Sorry, everyone I am going to repost this one to the metabolic thread here. There are just so many amazing metabolic articles out there that I want to concentrate in one place. This one is a non-MCT-1 formulation for 3-BP: which means 3-BP has almost unlimited access to cancer cells (no need for MCT-1). 

 

Kimster, I am very glad that you have taken the metabolic ball and are running with it. After all of the years that we have been posting about metabolic cancer strategies, I do not believe that there is any longer anything even worth arguing about: Metabolic cancer when (if?) it finally arrives will provide a curative option. The one confusing part for many of us is to cope with the oceans of high quality metabolic research that is available.

 

Here is ANOTHER!!  3-BP formulation with considerable potential potency. It uses the folic acid receptor so it does not even need MCT-1 (Whoa!). There are so many of these formulations now it is stunning. The preparation method that they describe below appears so simple. The high pressure homogenizer might be somewhat tricky to arrange, yet everything else seems very basic. 

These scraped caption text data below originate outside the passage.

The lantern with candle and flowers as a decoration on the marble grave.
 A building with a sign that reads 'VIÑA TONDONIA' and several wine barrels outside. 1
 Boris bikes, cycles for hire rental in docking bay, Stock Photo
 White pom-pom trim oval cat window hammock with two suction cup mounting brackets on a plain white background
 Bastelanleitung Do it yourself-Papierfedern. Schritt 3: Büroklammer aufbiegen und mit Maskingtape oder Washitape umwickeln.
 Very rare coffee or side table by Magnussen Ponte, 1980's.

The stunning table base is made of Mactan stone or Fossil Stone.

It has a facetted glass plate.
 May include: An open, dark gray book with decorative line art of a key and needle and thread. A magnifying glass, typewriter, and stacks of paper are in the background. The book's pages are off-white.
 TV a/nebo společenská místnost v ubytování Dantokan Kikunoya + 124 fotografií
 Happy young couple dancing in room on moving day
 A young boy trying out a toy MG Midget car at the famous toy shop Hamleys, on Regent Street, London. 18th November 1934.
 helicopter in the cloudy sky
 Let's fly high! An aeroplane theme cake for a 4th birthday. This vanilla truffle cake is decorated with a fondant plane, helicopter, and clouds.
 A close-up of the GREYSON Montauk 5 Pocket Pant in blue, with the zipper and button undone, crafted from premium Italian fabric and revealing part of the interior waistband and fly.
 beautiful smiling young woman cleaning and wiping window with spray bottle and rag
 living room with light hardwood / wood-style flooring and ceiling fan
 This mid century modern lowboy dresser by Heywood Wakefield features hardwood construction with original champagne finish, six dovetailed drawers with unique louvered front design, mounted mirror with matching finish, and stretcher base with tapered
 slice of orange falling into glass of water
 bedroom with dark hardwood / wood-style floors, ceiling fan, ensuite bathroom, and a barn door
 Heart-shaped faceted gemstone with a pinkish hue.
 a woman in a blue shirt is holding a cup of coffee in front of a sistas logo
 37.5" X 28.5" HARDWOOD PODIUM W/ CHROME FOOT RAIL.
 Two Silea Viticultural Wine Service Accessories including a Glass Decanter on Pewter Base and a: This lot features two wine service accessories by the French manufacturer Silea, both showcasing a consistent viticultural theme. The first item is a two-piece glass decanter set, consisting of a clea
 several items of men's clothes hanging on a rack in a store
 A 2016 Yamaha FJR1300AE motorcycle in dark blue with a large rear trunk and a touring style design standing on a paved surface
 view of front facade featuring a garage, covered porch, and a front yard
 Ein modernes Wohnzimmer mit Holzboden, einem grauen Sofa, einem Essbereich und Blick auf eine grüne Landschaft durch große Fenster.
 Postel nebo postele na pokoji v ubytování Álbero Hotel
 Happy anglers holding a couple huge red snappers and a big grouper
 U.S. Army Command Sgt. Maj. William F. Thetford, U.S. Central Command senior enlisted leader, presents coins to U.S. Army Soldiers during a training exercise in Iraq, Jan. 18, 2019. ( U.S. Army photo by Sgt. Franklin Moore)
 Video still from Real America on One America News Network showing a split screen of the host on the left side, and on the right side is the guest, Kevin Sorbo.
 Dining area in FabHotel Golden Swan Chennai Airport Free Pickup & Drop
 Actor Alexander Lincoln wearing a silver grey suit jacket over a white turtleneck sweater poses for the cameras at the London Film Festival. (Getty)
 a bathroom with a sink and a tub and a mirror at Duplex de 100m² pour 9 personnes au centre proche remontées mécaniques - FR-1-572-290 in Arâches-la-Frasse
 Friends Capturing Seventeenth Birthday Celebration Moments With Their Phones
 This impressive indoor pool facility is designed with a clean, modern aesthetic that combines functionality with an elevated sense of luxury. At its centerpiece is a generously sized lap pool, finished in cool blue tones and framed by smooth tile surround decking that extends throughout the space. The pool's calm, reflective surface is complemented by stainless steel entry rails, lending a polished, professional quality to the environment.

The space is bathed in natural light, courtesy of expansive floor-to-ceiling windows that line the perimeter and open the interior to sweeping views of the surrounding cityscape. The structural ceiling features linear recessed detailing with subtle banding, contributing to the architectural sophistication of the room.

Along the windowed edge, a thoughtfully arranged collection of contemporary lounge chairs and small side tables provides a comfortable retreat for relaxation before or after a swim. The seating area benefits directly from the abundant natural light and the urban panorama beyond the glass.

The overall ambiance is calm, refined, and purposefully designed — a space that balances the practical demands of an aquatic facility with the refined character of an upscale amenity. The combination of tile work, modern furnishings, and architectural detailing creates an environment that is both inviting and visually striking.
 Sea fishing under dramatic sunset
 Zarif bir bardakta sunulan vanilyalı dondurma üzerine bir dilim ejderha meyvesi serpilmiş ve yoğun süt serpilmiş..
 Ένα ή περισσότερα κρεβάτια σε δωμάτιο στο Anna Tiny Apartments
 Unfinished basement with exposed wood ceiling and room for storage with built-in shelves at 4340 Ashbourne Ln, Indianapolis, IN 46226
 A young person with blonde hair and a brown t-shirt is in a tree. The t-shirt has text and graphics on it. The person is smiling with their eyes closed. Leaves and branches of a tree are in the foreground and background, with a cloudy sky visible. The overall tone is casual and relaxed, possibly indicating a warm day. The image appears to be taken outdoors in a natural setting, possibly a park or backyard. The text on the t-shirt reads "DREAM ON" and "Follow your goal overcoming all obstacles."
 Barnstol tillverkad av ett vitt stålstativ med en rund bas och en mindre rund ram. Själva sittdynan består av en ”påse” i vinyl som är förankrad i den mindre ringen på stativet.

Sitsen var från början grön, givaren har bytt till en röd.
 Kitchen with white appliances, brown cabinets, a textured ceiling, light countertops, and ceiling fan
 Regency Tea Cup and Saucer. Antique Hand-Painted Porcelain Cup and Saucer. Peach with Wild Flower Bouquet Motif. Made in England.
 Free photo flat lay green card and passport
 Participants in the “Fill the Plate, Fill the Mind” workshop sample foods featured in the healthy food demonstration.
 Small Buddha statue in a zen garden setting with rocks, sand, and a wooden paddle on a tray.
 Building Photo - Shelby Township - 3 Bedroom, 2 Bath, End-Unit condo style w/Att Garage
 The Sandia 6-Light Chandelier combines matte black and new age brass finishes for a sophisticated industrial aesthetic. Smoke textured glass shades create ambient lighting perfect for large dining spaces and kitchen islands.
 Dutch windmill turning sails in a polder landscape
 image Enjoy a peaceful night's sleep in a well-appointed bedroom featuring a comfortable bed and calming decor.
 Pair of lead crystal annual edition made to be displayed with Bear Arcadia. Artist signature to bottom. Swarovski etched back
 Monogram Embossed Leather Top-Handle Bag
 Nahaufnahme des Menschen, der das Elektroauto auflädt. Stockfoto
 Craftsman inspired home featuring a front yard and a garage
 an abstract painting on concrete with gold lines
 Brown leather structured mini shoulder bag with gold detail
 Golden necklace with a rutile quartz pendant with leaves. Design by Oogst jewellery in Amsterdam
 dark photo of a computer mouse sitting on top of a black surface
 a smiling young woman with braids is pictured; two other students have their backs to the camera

Not having to be limited by MCT-1 certainly begins to offer the potential of an amplified version of 3-BP. Nevertheless, I would like to see one of these formulations that took it to the next step and added another layer of protection; make it into a 2 or 3 stage formulation. For instance, perhaps they could coat the cubosome in chitosan or turn it into a prodrug. I am not aware of a 3-BP prodrug formulation yet. Adding in another level of safety would be comforting. We know that 3-BP will attack virtually everything inside the cell; we just want to be very sure that it is attacking exclusively cancer cells. Some of these formulations actually seem to have shown this in vivo, however, even more safety (if possible) would be appreciated.